PROBLEM TO WORK ON:
Retype the data below exactly; skip every image.

SUPPLIED INFORMATION:
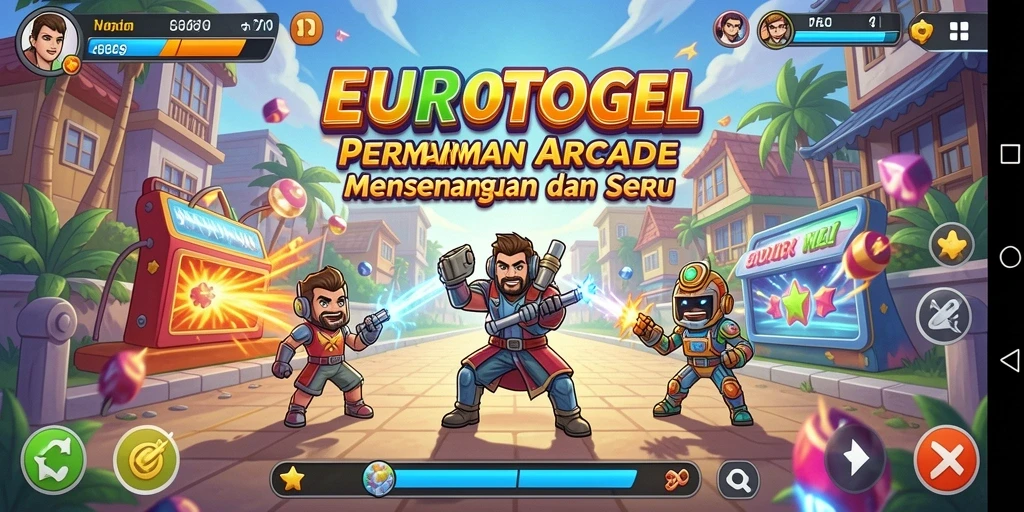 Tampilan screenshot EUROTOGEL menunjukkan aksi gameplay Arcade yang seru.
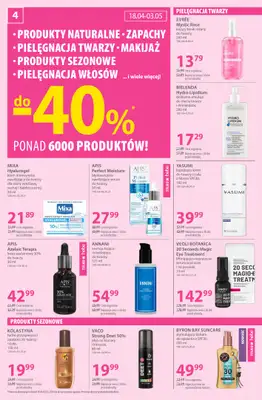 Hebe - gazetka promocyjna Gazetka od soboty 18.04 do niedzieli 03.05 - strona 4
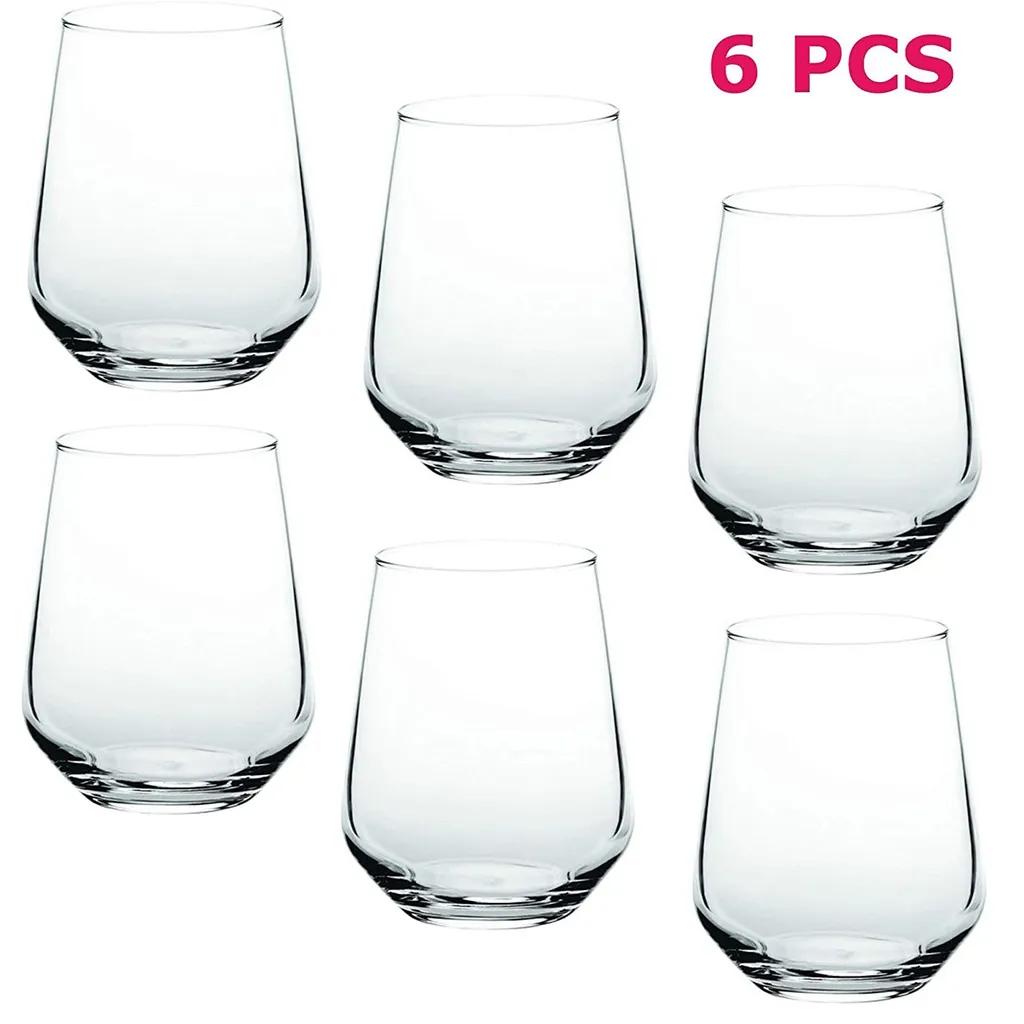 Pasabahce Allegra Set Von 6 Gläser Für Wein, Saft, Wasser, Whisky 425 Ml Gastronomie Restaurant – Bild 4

RESULT OF THIS TASK:
 Tampilan screenshot EUROTOGEL menunjukkan aksi gameplay Arcade yang seru.
 Hebe - gazetka promocyjna Gazetka od soboty 18.04 do niedzieli 03.05 - strona 4
 Pasabahce Allegra Set Von 6 Gläser Für Wein, Saft, Wasser, Whisky 425 Ml Gastronomie Restaurant – Bild 4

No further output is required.